An entrepreneurial history
Reinhart learned about manufacturing and family enterprises from watching his father run another family’s business. He joined the engineering department of that business when he was 22, then went to work for a business his father bought after his previous employer retired.
“I really loved doing the building: developing products, client relationships, putting the infrastructure in place,” Reinhart says.
He then put those skills to use founding his own business, buying a vacant building in Sycamore, Ohio, and turning it into a manufacturing facility.
When his father passed away in 2017, Reinhart inherited his business, which was struggling. He took it over and ultimately sold it to a private equity firm – his first exposure to how PE works. After exiting that business in 2022, he shifted his entire focus on Nickolas Asset Management.
“The goal is to responsibly grow and buy things that we plan to keep forever,” Reinhart says.
A technology-driven industrial business
At the heart of NAM’s business model is a platform called Sequent, which has multiple complementary businesses underneath it.
“We have full engineering design, sales, finance, IT, HR — a complete back office turnkey solution for any small manufacturing company,” Reinhart says. “We find companies that have great products and a great facility but lack the financial backing to add the resources necessary to professionalize the business.”
NAM’s new product development vehicle, called Faster, helps companies develop and deploy new products quickly: “Basically from a thought to a product that’s on the shelves at a retailer in 12 weeks,” Reinhart says.
Once a product has been developed, NAM has platform companies that can manufacture, warehouse, and ship it to clients. NAM also has a sustainability business, called Melds, that makes recycled resin from post-consumer, post-industrial scrap and sells it to NAM’s manufacturing companies. And NAM recently purchased Krevera, which offers autonomous manufacturing hardware and software for plastic injection molding.

Identifying investments
Reinhart often looks for deals to buy companies where the owner wants to retire and has no successor in the wings.
“We don’t have a buy-side advisory firm that works for us,” Reinhart says. “I generally will just look around myself, pick up the phone, and call the owners to see if they have any interest in having a conversation about selling their business.”

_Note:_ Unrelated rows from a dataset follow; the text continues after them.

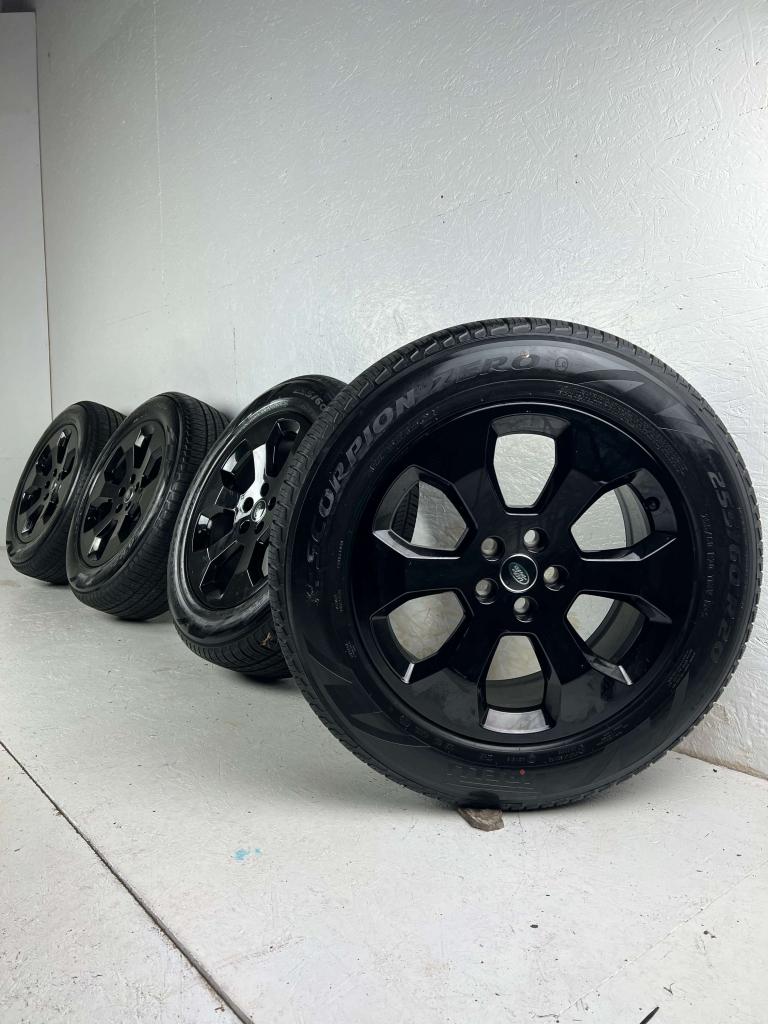 Originele Land Rover Defender velgen 20" all-season L663, Niet ingevuld, Gebruikt, 255 mm, Banden en Velgen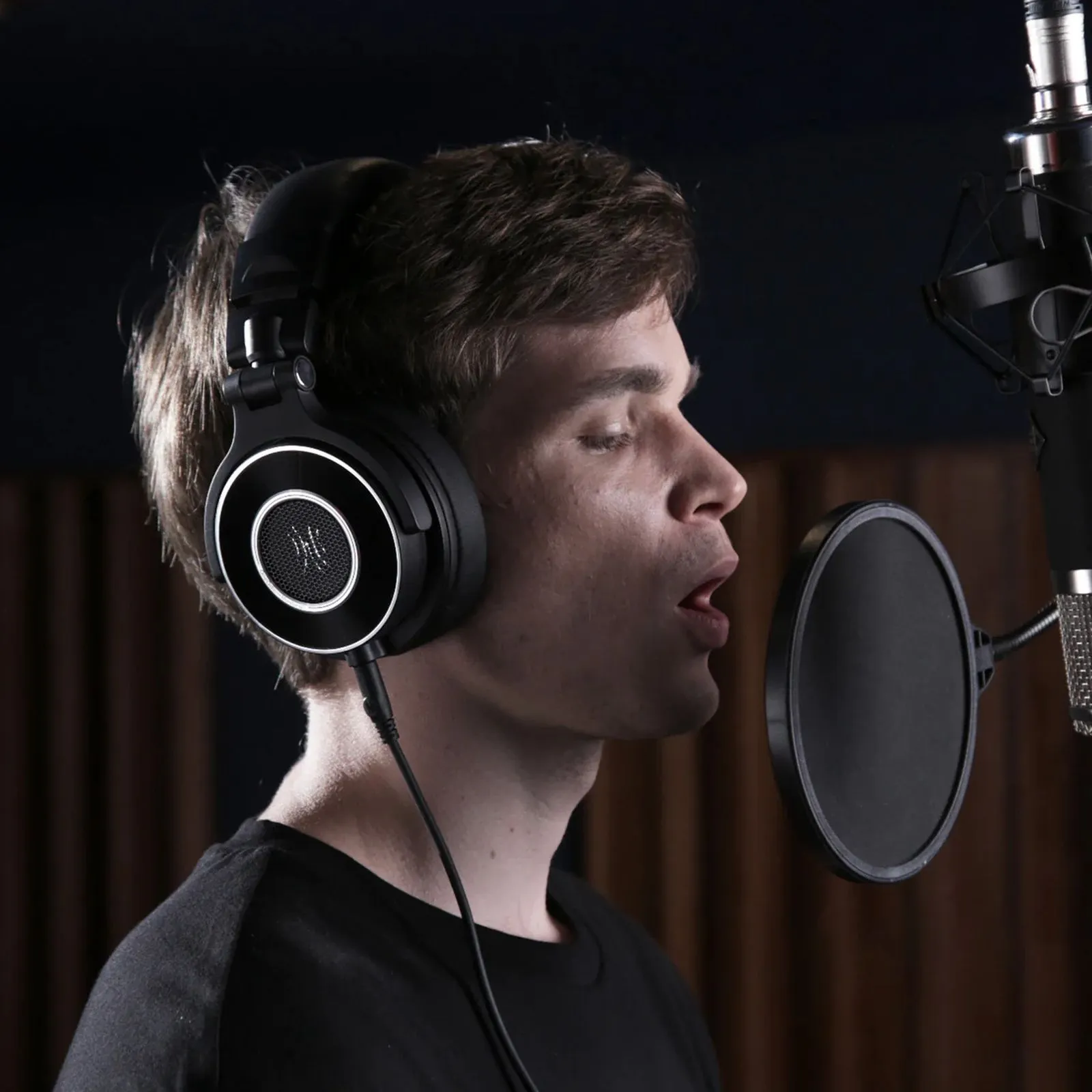 Recensione OneOdio Monitor 60, cuffie a filo ad alta risoluzione per lo studio (o per utenti esigenti) Recensione OneOdio Monitor 60, cuffie a filo ad alta risoluzione per lo studio (o per utenti esigenti)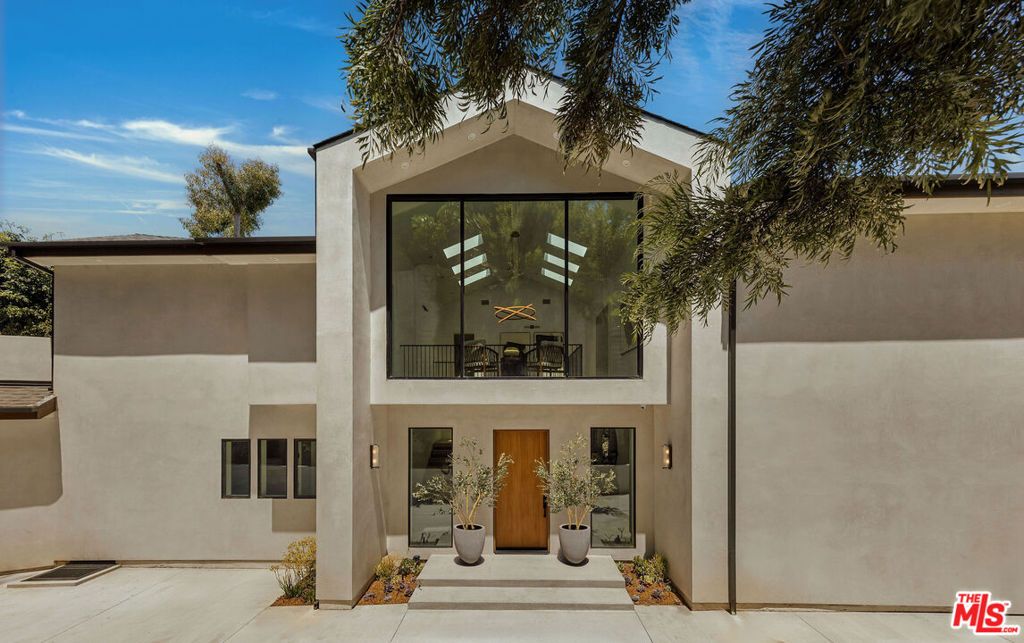 Photo of 14242 Valley Vista Boulevard, Los Angeles, CA 91423 (MLS # 26857333)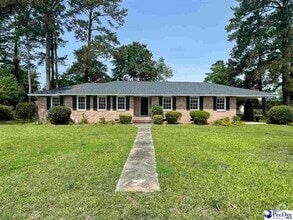 Building Photo - 821 Championship Dr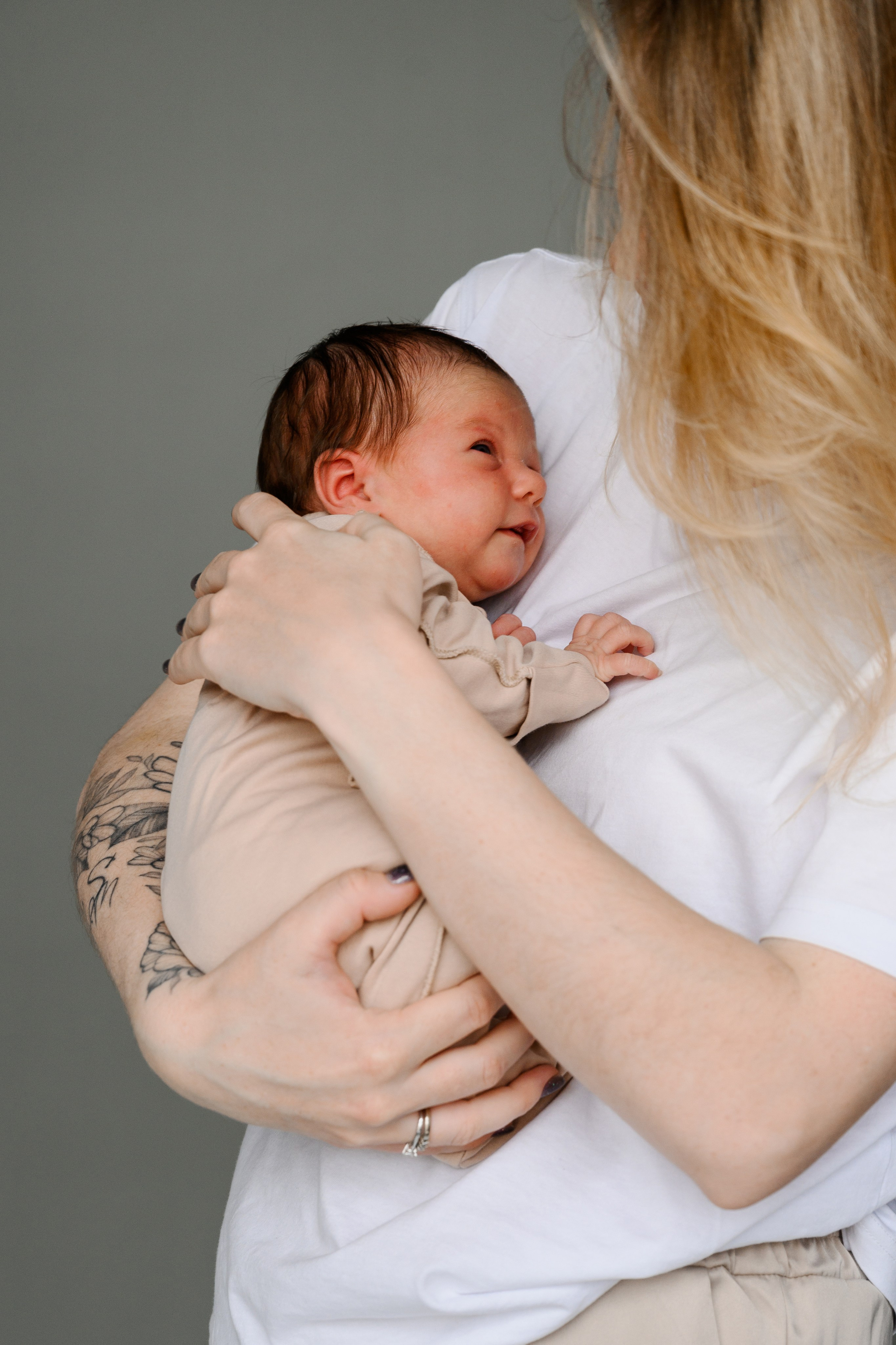 Ньюборн в студии. Фотограф новорожденных малышей в Санкт-Петербурге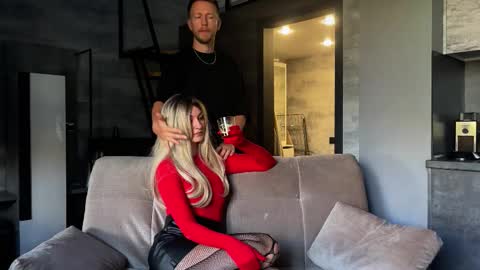 juicygypsy777 online show from September 20, 2025, 2:34 am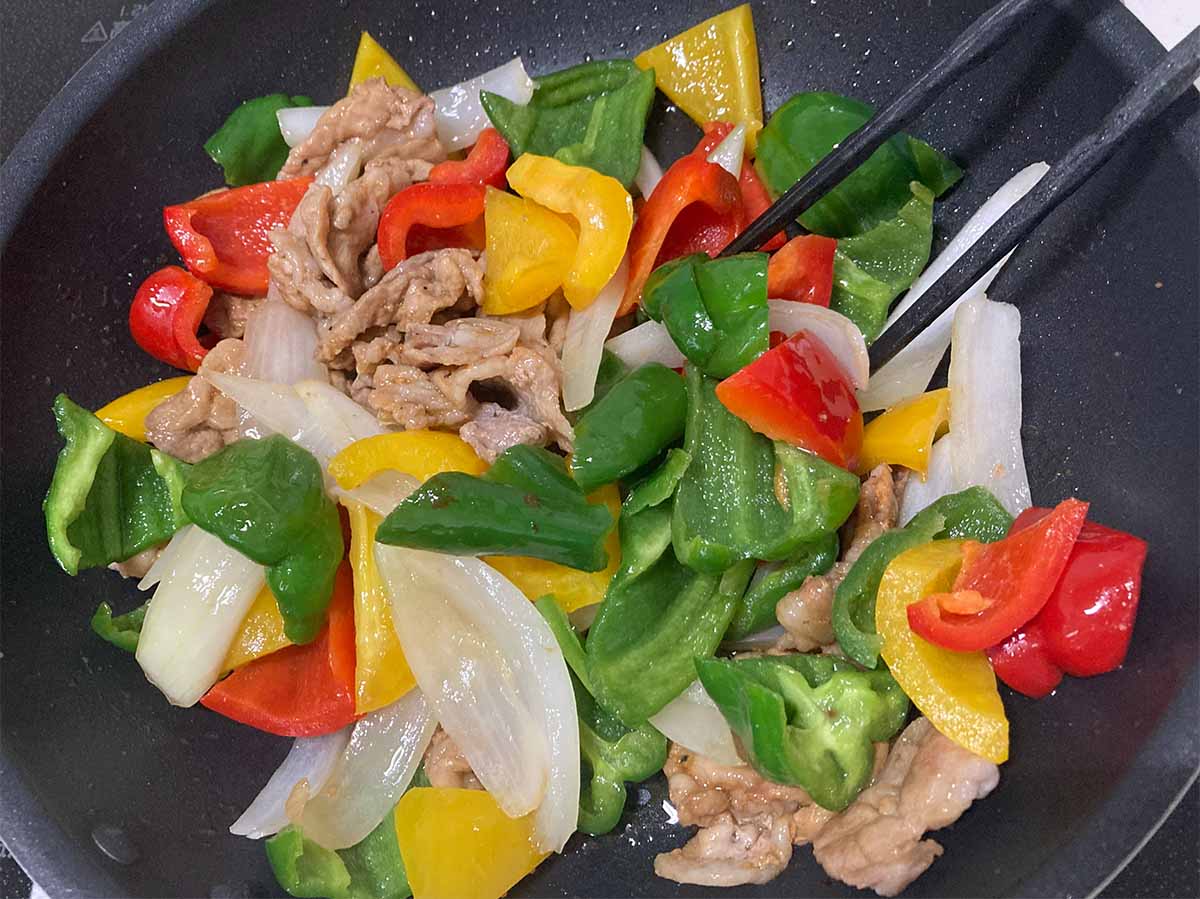 タサン志麻さん「豚肉とカラフル野菜のレモンじょうゆ炒め」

Reinhart looks for “heavy power” when identifying potential acquisitions: “cranes, silos, concrete, older industrial assets that might be underperforming today,” he says. “We buy these older industrial assets – large buildings that have a great infrastructure. I can quickly take that great infrastructure and apply new technology, new machinery, new equipment, new revenue streams into these old assets. We can get 10x to 15x the revenue in less than 12 months.”
Regional focus
Northwest Ohio, including Reinhart’s hometown of Findlay, is the focus of the family office’s investments. One reason, he says, is that he enjoys doing business in his home state. But the location is also practical.
“I think Ohio is one of the most strategic ship locations in the country,” Reinhart says. “You can reach 60% of the U.S. population in a one-day transit. And culturally, Ohio is a manufacturing state: good communities, good culture, a good workforce. Along with that, there are a lot of older assets: factories that at one time were booming that have been sitting or have shrunk over time because of the loss of business to lower labor cost countries.”

In the eight years since he started Nickolas Asset Management, the family office has acquired eight manufacturing sites and 10 distribution centers.
“It’s definitely not a passive job. It’s a very intense operational job,” Reinhart says.
He plans for his two sons, who are currently 25 and 17 years old, to continue the family office. And he has also set up co-investment opportunities for some of the family office team members.
“We’re deploying capital for multiple generations,” Reinhart says.